_Stored data_:
· · · · ·

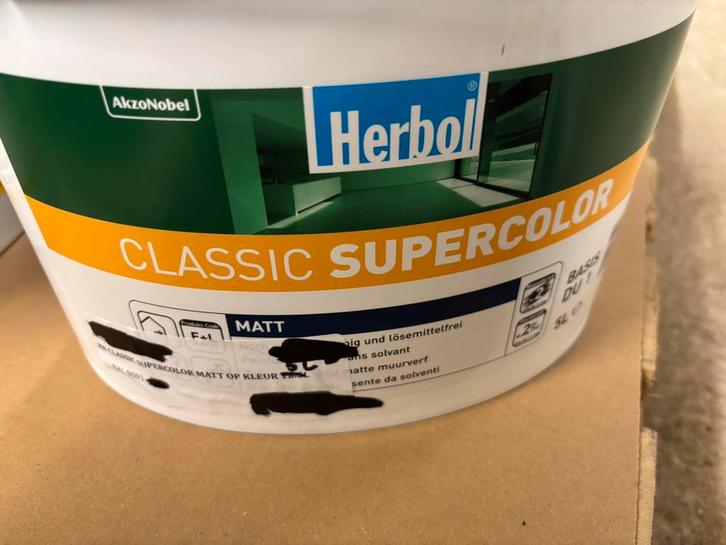 Herbol classic beige muurverf 5liter, Hobby en Vrije tijd, Schilderen, Nieuw, Acrylverf, Ophalen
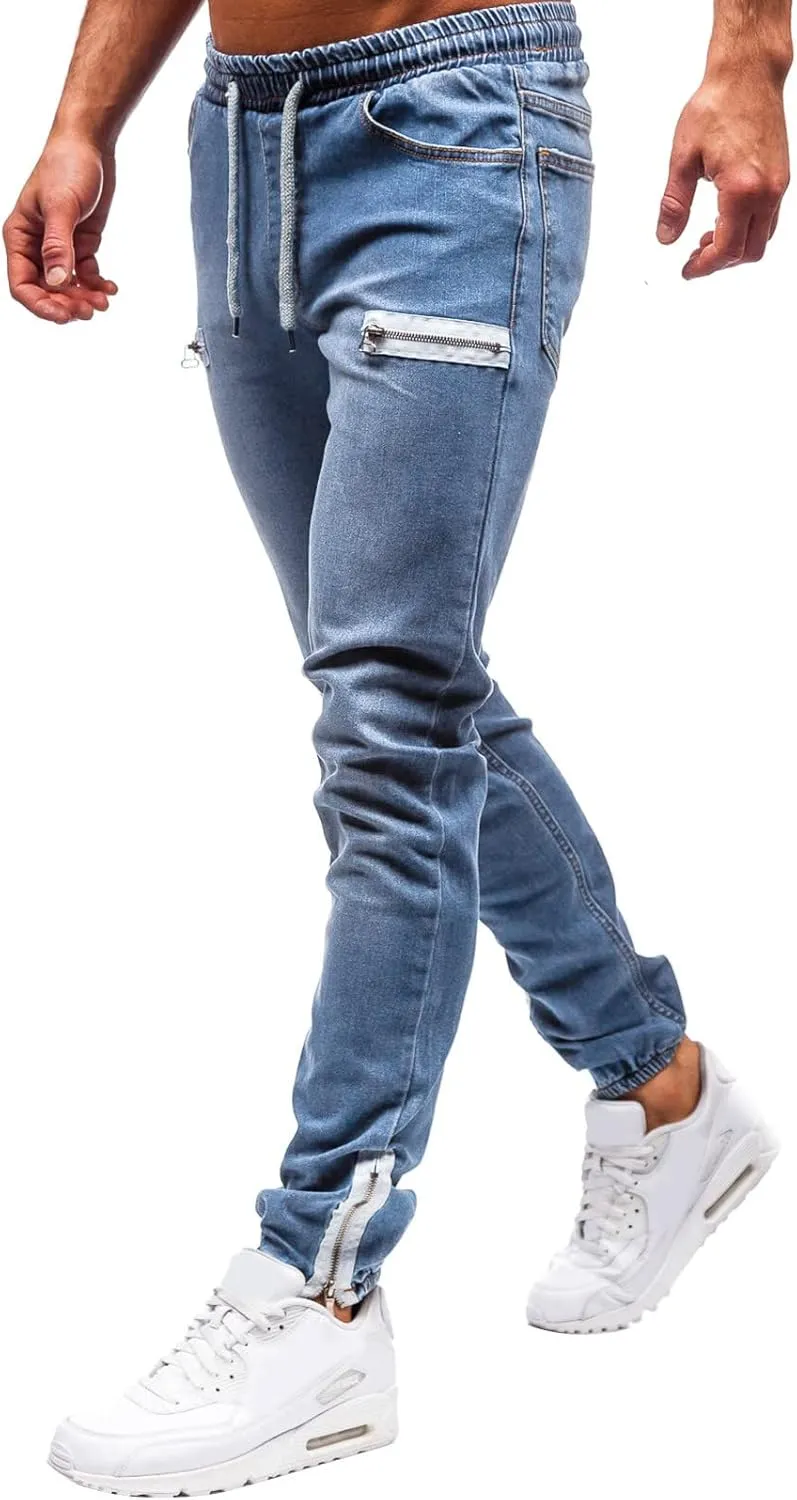 Slim Fit Jeans for Men Stretch Elastic Waist Designer Zipper Washed Denim Pants Casual Drawstring Fashion Tapered Trousers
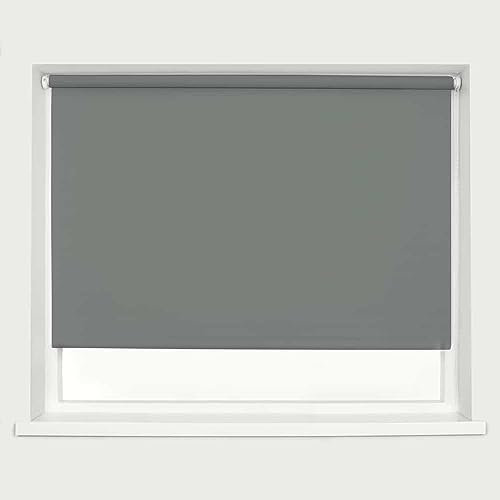 Dark Grey Blackout Roller Blinds Thermal Blackout Material Metal Brackets & FIttings 25mm Roller Tube Easy Fit Child Safe Bedroom Office150cm Width x 160cm Length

· · · · ·

_Task item_: From the line containing "Slim Fit Jeans" through the last line of the material above, write out each line exactly, leaving aside all pictures.

_Answer to this problem_:
 Slim Fit Jeans for Men Stretch Elastic Waist Designer Zipper Washed Denim Pants Casual Drawstring Fashion Tapered Trousers
 Dark Grey Blackout Roller Blinds Thermal Blackout Material Metal Brackets & FIttings 25mm Roller Tube Easy Fit Child Safe Bedroom Office150cm Width x 160cm Length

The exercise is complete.